Malang, 6 Oktober 2016
Penulis
i
BAB I
PENDAHULUAN
1.1
Latar Belakang
Islam
merupakan agama yang diturunkan Allah kepada Rasulullah untuk mengatur
interaksi antara manusia dengan Allah, sesamanya, dan juga dengan dirinya sendiri.
Terlalu maraknya pemikiran ideologis yang kini sudah tidak menyatu lagi dalam
tubuh umat, menjadi permasalahan utama dalam Islam. Oleh karena itu, perlu
adanya upaya untuk mengembalikan kembalinya pemikiran ideologis kepada diri
umat yang bukan hanya kewajiban syara’, melainkan juga merupakan kewajiban
politik, sosial dan pendidikan umat, baik secara pribadi maupun kolektif.
Munculnya berbagai macam golongan-golongan
aliran pemikiran dalam Islam telah memberikan warna tersendiri dalam agama
Islam. Pemikiran-pemikiran ini muncul setelah wafatnya Rasulullah. Ada beberapa
faktor yang menyebabkan munculnya berbagai golongandengan segla pemikirannya.
Diantaranya adalah faktor politik sebagaimana yang terjadi karena pertentangan
antara kelompok Ali dengan pengikut Muawiyah, sehingga memunculkan golongan
yang baru, yaitu golongan Khawarij. Lalu muncullah golongan-golongan lain
sebagai reaksi dari golongan satu dengan golongan lainnya.

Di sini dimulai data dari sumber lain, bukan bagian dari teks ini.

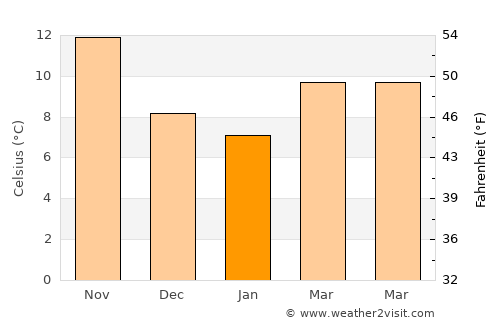El Ksour average temperature in January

Golongan-golongan tersebut mempunyai
pemikiran yang berbeda-beda antara stu dengan yang lainnya. Ada yang masih
dalam koridor al Qur’an dan sunnah, namun ada pula yang menyimpang dari kedua sumber ajaran Islam tersebut. Ada
yang berpegang pada wahyu, ada pula yang menempatkan akal yang berlebihan
sehingga keluar dari wahyu. Dan ada pula yang menamakan dirinya sebagai
ahlussunnah wal jama’ah.
1.2
Rumusan Masalah
a.
Bagaimana
bentuk pemahaman dalam aliran Mu’tazilah?
b.
Apa
saja ajaran dalam aliran Asy’ariyah?
c.
Apa
yang membedakan paham Maturidiyah dengan paham-paham lainnya?
1.3
Tujuan
a.
Memahami
ajaran dalam aliran Mu’tazilah
b.
Mengetahui
ajaran paham Asy’ariyah
c.
Membedakan
Maturidiyah paham-paham yang lain
BAB II
PEMBAHASAN
2.1
Aliran Mu’tazilah
Orang-orang Mu’tazilah adalah pendiri yang
sebenarnya bagi ilmu kalam (teologi Islam). Hampir setiap pemikiran penting
dalam ilmu kalam ditemukan landasannya di kalangan mereka. Mereka telah
membahas sebagian problematika ilmu kalam ini pada tahun-tahun pertama abad
ke-2 H. mereka serius menggeliutinya sekitar satu setengah abad. Memang
Mu’tazilah merupakan aliran rasional dalam Islam yang paling banyak punya teori
dan tokoh. Mereka membahas secara filosofis hal-hal yang tadinya belum
diketahui melalui metode filsafat.
Mereka memberikan pemecahan atas problematika-problematika pelik semisal teori kammun,
tafrah, dan tawallud, dengan menampilkan pemecahan-pemecahan baru.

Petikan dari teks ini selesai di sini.